Rasakan
“Kenapa baru sekarang sih? Mentang-mentang mau pilpres!”,
“Dapat bayaran berapa, bu?”
“Udah sih bu, move on, ikhlaskan aja.”
Respon dalam video Peringatan Kamisan ke-17 di sebuah platform media sosial terlihat sangat menjengkelkan, terlebih melihat sosok bu Sumarsih yang sudah berdiri menghadiri aksi Kamisan selama puluhan tahun.
Keadilan untuk putranya, Wawan. Tiada kunjung didapatkan. Seorang ibu, yang mengandung, melahirkan, menjaga sepenuh cinta anaknya sampai bangku kuliah. Ditinggal sang anak yang izin pergi berkuliah ke kampus, namun sampai saat ini malah tidak kunjung pulang ke rumah.
Kita memang tidak akan pernah tau, apa rasanya kehilangan. Sampai kehilangan itu mendatangi diri kita. Kita dengan enteng berkata dan bersikap seolah kehilangan merupakan sebuah hal yang mudah dicari obatnya.
Padahal, dalam kejadian bu Sumarsih ini, kehilangan Wawan tidak sesederhana itu. Anaknya diculik, dibunuh, tapi tak diberitahukan ada dimana jasadnya. Keadilan belum terungkap, pelakunya masih berkeliaran di dalam lingkaran kekuasaan. Bagaimana hendak mengikhlaskan?

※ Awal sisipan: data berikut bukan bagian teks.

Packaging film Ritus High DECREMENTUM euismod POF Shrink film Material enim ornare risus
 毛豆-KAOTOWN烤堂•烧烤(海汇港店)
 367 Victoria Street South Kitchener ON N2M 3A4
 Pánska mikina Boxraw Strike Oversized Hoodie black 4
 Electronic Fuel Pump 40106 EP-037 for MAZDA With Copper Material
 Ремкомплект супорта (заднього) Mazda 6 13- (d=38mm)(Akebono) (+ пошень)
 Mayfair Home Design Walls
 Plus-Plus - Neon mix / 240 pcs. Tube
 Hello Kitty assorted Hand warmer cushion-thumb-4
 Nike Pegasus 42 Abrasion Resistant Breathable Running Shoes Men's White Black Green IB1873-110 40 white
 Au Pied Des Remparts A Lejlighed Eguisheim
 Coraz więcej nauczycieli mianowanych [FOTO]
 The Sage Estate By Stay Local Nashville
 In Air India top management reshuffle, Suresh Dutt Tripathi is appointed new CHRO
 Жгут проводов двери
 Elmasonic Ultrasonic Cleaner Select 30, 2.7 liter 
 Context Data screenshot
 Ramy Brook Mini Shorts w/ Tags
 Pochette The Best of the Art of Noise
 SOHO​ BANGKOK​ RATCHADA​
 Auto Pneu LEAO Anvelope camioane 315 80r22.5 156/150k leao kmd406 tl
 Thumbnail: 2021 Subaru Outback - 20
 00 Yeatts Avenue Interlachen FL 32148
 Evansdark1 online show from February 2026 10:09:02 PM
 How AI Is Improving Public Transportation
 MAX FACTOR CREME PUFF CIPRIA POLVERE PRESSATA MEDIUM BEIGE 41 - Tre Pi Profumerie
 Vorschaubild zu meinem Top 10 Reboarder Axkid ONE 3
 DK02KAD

Dukungan seharusnya mengalir. Terus, semakin besar sampai semua masalah ini ditemukan muaranya. Namun, semua terasa terjal bahkan seolah tak mungkin didapatkan.
Sulit bagi masyarakat kita tuk sekedar belajar empati dan memahami sebuah perasaan. Mana yang bisa jadi dibenci, malah dilakukan. Mana yang dipercaya malah mengkhianati. Mana yang dicinta malah menusuknya.
Mungkin kita semua harus merasakan. Merasakan semua sakitnya kehilangan. Merasakan sulitnya bangkit dari perangkap sedih bernama kehilangan. Merasakan sulitnya tegar dan tabah dalam segala situasinya. Rasakan saja. Semoga kamu tidak mengalaminya.